ILLARIA MOORE, Boise
Did it ever occur to you to talk with local hospices and present the other side? You know, the one that truly makes a difference to people who are dying and the heartbroken families they leave behind? I didn't see mention of the 13 months of follow-up bereavement care that hospice social workers and chaplains provide to the families. I saw no quotes from families about the burden it took off them financially and emotionally to have hospice take care of their loved ones.

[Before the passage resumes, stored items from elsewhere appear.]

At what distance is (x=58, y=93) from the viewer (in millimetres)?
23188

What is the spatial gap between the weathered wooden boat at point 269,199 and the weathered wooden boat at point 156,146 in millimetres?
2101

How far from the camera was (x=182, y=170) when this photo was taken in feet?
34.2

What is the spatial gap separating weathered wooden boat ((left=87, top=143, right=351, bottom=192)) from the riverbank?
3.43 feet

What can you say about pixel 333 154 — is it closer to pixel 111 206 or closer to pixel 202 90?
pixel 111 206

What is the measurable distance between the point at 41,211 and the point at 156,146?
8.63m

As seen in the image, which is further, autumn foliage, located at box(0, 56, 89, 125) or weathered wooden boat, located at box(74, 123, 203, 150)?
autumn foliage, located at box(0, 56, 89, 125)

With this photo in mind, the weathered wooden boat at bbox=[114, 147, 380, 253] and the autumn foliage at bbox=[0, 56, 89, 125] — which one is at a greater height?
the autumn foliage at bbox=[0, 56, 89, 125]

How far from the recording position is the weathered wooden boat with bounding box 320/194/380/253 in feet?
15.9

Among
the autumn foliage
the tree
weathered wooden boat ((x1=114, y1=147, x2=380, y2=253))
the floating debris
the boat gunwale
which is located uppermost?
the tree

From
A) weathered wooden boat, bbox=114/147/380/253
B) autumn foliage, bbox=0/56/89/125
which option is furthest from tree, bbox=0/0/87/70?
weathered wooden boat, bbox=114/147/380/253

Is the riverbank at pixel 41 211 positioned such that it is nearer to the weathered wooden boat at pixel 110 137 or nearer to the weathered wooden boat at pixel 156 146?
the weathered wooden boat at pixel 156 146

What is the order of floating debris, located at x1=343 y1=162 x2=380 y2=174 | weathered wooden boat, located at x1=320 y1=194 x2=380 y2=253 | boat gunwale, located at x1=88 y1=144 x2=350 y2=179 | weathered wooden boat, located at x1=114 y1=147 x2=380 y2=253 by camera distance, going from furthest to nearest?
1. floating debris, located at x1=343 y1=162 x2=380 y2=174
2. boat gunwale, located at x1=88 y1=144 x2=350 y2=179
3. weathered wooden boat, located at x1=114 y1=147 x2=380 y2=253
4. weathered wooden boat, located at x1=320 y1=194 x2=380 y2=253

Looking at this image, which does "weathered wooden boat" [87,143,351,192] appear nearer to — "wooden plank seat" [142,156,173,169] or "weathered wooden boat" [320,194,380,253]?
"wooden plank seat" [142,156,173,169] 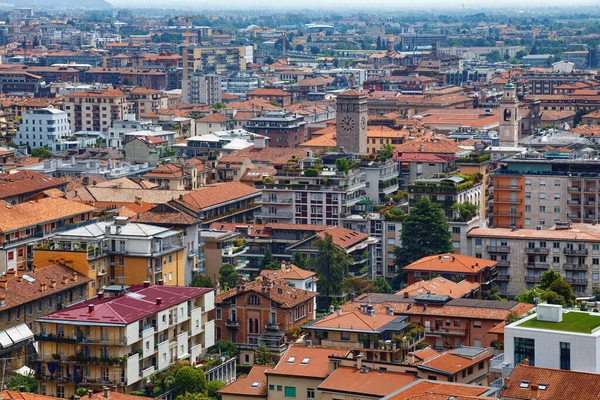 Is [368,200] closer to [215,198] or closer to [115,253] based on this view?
[215,198]

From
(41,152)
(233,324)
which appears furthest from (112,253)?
(41,152)

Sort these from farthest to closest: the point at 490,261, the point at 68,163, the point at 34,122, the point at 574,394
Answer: the point at 34,122 < the point at 68,163 < the point at 490,261 < the point at 574,394

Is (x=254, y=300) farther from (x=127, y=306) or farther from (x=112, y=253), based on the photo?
(x=127, y=306)

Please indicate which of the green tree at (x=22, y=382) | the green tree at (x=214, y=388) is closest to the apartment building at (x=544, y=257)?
the green tree at (x=214, y=388)

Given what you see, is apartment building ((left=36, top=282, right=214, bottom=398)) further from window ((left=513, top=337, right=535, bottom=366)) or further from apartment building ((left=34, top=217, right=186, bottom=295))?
window ((left=513, top=337, right=535, bottom=366))

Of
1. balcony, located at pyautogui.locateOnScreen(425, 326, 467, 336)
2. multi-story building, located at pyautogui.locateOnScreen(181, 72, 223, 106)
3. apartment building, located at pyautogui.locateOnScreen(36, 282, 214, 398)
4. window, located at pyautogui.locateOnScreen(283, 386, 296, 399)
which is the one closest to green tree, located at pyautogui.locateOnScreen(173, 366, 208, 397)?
apartment building, located at pyautogui.locateOnScreen(36, 282, 214, 398)

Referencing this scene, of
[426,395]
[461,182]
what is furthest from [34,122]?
[426,395] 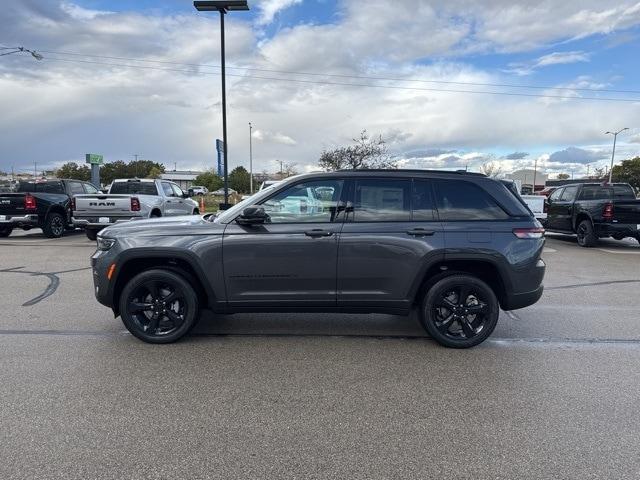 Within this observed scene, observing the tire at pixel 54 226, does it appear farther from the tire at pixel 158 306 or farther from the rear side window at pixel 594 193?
the rear side window at pixel 594 193

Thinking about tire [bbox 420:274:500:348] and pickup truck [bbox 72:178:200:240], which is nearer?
tire [bbox 420:274:500:348]

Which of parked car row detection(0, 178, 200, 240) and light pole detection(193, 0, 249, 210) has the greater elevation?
light pole detection(193, 0, 249, 210)

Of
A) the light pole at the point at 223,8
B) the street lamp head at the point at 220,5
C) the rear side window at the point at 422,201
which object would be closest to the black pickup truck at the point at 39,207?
the light pole at the point at 223,8

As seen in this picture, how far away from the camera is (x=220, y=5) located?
15969 millimetres

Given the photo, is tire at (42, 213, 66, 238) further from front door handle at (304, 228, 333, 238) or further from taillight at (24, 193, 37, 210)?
front door handle at (304, 228, 333, 238)

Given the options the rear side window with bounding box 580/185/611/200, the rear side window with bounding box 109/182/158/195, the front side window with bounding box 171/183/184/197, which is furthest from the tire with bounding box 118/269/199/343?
the rear side window with bounding box 580/185/611/200

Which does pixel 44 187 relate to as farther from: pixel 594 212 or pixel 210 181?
pixel 210 181

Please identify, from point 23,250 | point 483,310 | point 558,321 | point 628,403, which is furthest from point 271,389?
point 23,250

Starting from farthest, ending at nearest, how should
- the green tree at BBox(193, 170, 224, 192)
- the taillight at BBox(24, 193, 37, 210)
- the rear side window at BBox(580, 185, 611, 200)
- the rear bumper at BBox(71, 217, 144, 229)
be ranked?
1. the green tree at BBox(193, 170, 224, 192)
2. the rear side window at BBox(580, 185, 611, 200)
3. the taillight at BBox(24, 193, 37, 210)
4. the rear bumper at BBox(71, 217, 144, 229)

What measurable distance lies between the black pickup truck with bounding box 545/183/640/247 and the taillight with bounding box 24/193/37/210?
1548cm

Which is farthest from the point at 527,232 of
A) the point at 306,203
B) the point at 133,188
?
the point at 133,188

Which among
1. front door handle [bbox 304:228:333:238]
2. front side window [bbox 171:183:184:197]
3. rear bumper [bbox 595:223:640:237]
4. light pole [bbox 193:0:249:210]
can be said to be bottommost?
rear bumper [bbox 595:223:640:237]

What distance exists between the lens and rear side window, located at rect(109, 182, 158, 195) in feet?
48.6

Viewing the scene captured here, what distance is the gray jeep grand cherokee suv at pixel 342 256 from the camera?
491 cm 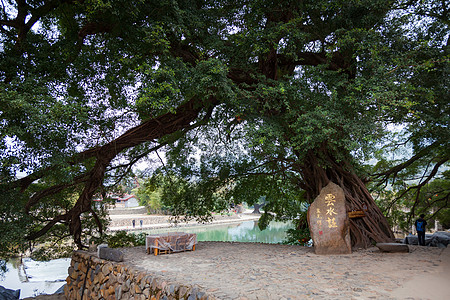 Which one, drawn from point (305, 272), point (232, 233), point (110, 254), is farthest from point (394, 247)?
point (232, 233)

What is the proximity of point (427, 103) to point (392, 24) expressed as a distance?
1.83 meters

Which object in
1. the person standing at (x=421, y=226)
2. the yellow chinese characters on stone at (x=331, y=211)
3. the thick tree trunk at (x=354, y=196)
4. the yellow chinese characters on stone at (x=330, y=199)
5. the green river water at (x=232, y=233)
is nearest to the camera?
the yellow chinese characters on stone at (x=331, y=211)

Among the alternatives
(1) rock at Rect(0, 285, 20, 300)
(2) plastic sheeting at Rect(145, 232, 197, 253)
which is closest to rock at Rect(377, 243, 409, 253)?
(2) plastic sheeting at Rect(145, 232, 197, 253)

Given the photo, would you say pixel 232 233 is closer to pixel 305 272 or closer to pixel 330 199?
pixel 330 199

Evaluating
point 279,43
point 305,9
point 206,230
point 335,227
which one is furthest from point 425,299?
point 206,230

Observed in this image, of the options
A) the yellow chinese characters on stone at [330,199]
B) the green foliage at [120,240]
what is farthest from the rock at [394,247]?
the green foliage at [120,240]

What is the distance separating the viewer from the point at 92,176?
790 centimetres

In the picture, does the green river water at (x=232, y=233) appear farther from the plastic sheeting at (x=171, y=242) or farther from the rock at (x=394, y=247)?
the rock at (x=394, y=247)

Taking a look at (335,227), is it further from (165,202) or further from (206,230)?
(206,230)

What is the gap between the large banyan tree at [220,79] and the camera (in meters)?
5.14

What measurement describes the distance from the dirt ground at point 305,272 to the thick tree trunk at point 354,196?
0.49 metres

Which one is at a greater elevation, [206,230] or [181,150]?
[181,150]

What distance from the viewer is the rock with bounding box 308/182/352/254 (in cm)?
596

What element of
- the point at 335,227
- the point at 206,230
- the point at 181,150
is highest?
the point at 181,150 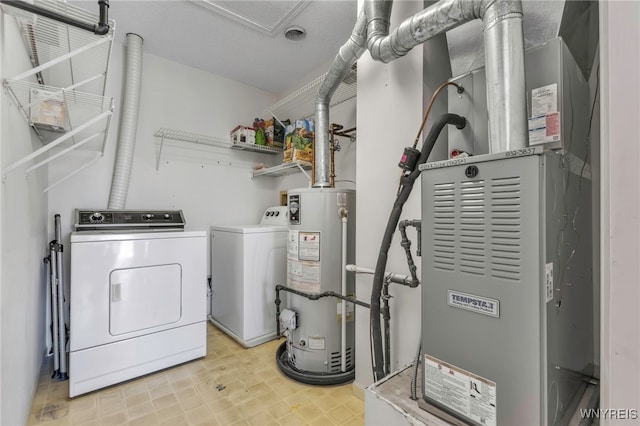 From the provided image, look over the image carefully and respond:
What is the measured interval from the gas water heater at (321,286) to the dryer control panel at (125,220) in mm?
1113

Have you experienced a family in crisis when they learn their loved one is dying and they don't know where to turn? It might be helpful for you to witness firsthand what happens when a doctor refers a person to hospice and that person lives alone, is bed-ridden, has no way of fixing themselves a meal or taking their regularly prescribed medications and then the hospice team comes in and provides loving care, bathing, meals, med reminders, spiritual and emotional comfort, companionship for the lonely and the patient begins to thrive. That's not a scam or an inconvenience, that is what we in hospice call a miracle!
DONNA ROGERS, Boise
Utah judge's ruling
I was bewildered by Don Adair's letter regarding a Utah judge throwing out one of Utah's laws regarding people living together. This ruling, despite Don's claims, did not legalize polygamy. All it did was throw out that part of the Utah constitution that criminalized an adult living with two or more adults of the opposite sex. "Polygamists" traditionally have one legal wife and all subsequent "wives" are simply women with whom the man "shacks up." The ruling simply made that legal just like it is in every other state. The U.S. Supreme Court's Lawrence vs. Texas ruling had already thrown out laws prohibiting relations between unmarried, yet consenting, adults.
The ruling did not legalize bigamy or polygamy, which involve someone having legal marriages with more than one person. Those are still illegal.
It didn't legalize underage marriage.
It didn't legalize human trafficking.
It simply allows three or more adults of differing sexes to live together.
The ruling is not nearly as exciting and controversial as the headlines portrayed it to be. Let's all take a deep breath. Everything is just fine.
CHRIS BOLTON, Meridian
Why are airlines getting so greedy with charges for checked bags, carry-on bags, window seats, aisle seats, fuel charges, taxes, $60 for eight inches of extra leg room, and $10 for a little box lunch? What's next? A $10 charge to raise or lower the window shade? A $50 charge for a seat belt?
If you're serious about cashing in, partition the back 30 seats of the airplane and call it the Cellphone Parlor. I can see you easily charging the blabber set double for a ticket.
However, the most ludicrous charge is already in place: pay-to-view TV. Gimme a break! TV is so bad the airlines should pay me to watch that trash. Yes, I know, the airlines just want to contribute to the joy of flying. Makes me want to power yawn.